I’m worried that I’ll never make my parents and my brother proud.
I’m worried that I’ll never be able to accomplish any of my dreams, no matter how small.
I’m worried that I’ll end up homeless, living in trash and my own filth, forgotten by my own friends and even family.
I’m worried that I’ll die alone and sad.
I’m worried for my parents. They are getting on in years and they seem frailer and frailer with the passing time.
I’m worried that I’ll lose my grandmother soon and with that a precious link to the past. It’ll be much harder to find out about family history, and keep in touch my language and my culture with her gone.

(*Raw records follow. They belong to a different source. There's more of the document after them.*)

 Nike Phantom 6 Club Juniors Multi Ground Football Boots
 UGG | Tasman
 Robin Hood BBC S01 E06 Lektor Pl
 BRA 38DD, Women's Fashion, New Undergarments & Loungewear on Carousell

I’m worried that I’ll end up in dead end job that I loathe, to earn money to pay for shit I don’t even need, want or like to fit in a society from which I feel alienated.
I’m worried that I’ll always settle for second best, in regards, to my hopes, aspirations and life goals.

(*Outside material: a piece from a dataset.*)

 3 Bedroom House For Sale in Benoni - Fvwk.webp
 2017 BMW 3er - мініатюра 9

I’m worried that I’ll never graduate from uni with a degree.
I’m worried that I even worry about such things. Sometimes I don’t know if I even want a uni degree. Maybe I just want one because it is what my family expects of me, what society expects of me. This year marks 10 years since I’ve graduated from high school. Since that time, I’ve seen many of my classmates marry, have children, travel around the world, earn doctorates, accomplish so many of these wonderful things in their lives. I’ve felt I’ve done next to nothing with my life, it can be very depressing.
I’m worried that I’ll never be able to travel and see all the places that I’ve dreamed of seeing.
I’m worried for my best friend. I feel he is incredibly intelligent, has a lot going for him and a lot of potential. However, he seems to be in quite a rut. His pessimistic attitude towards everything in his life can be quite grating at times, but I feel he (like myself) just needs a break in his life. I feel like if I push these issues too much, I’ll lose our friendship, so I try to stay quiet. I hope he can find something about which he is truly passionate and turn that attitude of his around.
I’m worried that I’ll associate myself with the wrong people in life, bring all sorts of untold troubles on myself, my family and my friends.
I’m worried that I’m no better than the people I criticise, disdain and condemn; the racists, the homophobes, the misogynists, the rapists, the murderers, the pedophiles, the fascists, exploiters of people and the earth. All of them.
I’m worried about not appearing genuine to people, that I’d be seen a poser.
I’m worried that all my bullshit will finally be exposed to the world to see. I guess that’s related to being worried about being exposed as a fraud and seen as a poser. Perhaps I shouldn’t worry about this, maybe it’d be liberating.
I’m worried about Yoda, that fat fuck of a dog that Dad is looking after. He seems rather unhealthy these days; he doesn’t look like he can jump up or even run anymore. Whenever I mentioned that to Dad, he gets angry. He tells me that he has already reduced Yoda’s meal portions and that he takes Yoda for a walk every day. Every time I see Yoda though, he looks like a few minutes away from keeling over. All things must die. I accept that fact but if he can have a few more healthy years, why not try to give that chance to him? Maybe he’s happy being fat though and it’s none of my business.